Un altro punto che mi sta particolarmente a cuore è quello di evitare l’ingerenza del privato nei confronti del bene culturale. Un bene culturale, secondo la legislazione vigente, sia che appartenga allo Stato o a un privato, deve essere fruito, proprio in virtù del suo essere parte del patrimonio culturale. Ci sono norme che regolano e garantiscono questa fruizione, anche quando si “costringe” un privato ad offrire in determinate occasioni il proprio bene agli occhi del pubblico di visitatori.

Un discorso a parte merita la discussione sull’ingresso dei privati nella gestione del patrimonio culturale nazionale. Bisogna sempre tenere a mente che il privato, anche in uno slancio di generosità verso la sfera dei beni culturali, spesso indirizza i suoi capitali verso azioni che diano un significativo ritorno d’immagine. Questo comporta problemi che potrebbero apparire secondari, ma non lo sono. Innanzi tutto, quando si offrono capitali per contribuire alle opere di restauro, si creano dei monumenti di serie A e altri di serie minore. La scalinata di Trinità dei Monti restaurata con i soldi della Biagiotti, il restauro della Fontana di Trevi da parte delle sorelle Fendi e, ultimo in ordine di apparizione, il Colosseo con Della Valle, non ritengo siano gli esempi virtuosi da portare avanti, anche se inevitabilmente necessari. La mia prevenzione sul tema è stata confermata dalla iniziale richiesta (poi fortunatamente ritirata), da parte di Della Valle di affiancare il logo del Colosseo a quello della sua azienda fino a due anni dalla cessazione degli interventi di restauro.

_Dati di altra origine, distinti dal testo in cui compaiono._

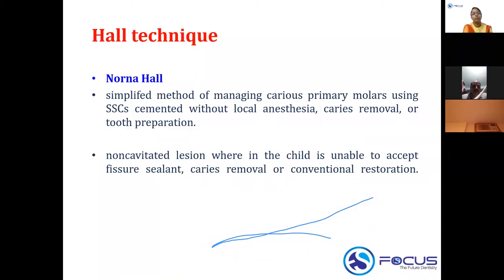A drawback of the Hall technique is that without occlusal preparation, there will be a high point in occlusion. However, advocates of the technique say that through the child's bite, minor supra-eruption, and intrusion of opposing teeth, the child will adapt to the occlusion. So the Hall technique places an SS crown without any caries removal or tooth preparation.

http://www.minimaetmoralia.it/wp/diego-della-valle-colosseo/

Qui non siamo di fronte a mecenati, come possono essere il miliardario americano Packard che indirizza le sue donazioni al sito archeologico di Ercolano, o il facoltoso giapponese Yuzo Yagi che ci ha restituito una quasi abbacinante Piramide Cestia. Ecco, ci sono vari modi per supportare l’arte, senza svenderne l’immagine. Perché ogni singolo monumento o opera d’arte costruisce la nostra sensibilità, la nostra umanità, giacché è prodotto dell’uomo, e ci unifica. Non deve sottostare a mode o leggi di mercato, non si può permettere di indirizzare i nostri interessi. Nella possibilità di godere di tutto lo spettro che include il nostro patrimonio culturale, si avverte la nostra libertà, la nostra identità.

E come ultimo consiglio, invito alla lettura di un piccolo saggio che definisco illuminante, scritto dallo storico dell’arte Tomaso Montanari, Istruzioni per l’uso del futuro. Il patrimonio culturale e la democrazia che verrà, Minimum Fax, 2014.